### About this exercise
Across the records that follow, determine how many lines contain "seen" and give only the resulting number.

(Task data Opens)

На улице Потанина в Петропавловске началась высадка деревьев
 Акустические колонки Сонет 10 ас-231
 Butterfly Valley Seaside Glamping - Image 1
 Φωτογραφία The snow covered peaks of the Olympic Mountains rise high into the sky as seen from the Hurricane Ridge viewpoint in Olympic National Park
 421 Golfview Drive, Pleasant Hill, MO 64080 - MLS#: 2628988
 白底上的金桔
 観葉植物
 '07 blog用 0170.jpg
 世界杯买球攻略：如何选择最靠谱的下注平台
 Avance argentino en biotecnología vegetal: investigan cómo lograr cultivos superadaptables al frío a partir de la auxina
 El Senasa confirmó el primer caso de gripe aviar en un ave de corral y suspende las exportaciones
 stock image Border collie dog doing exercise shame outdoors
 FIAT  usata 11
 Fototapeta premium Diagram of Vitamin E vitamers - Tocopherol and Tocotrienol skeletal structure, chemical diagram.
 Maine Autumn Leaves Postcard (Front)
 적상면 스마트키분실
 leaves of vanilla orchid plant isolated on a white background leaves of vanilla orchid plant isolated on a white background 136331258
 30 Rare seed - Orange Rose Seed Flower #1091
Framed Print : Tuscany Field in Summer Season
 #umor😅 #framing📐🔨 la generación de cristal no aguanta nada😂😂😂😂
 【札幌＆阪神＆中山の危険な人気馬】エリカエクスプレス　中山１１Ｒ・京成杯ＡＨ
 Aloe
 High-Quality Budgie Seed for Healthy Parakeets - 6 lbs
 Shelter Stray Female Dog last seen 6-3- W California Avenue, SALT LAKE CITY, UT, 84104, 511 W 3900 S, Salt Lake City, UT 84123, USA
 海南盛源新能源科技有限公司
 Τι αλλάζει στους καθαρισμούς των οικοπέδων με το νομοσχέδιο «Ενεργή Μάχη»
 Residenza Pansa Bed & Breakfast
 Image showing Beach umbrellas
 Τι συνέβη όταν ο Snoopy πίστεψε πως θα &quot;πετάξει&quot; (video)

(Task data Closes)

### Response
2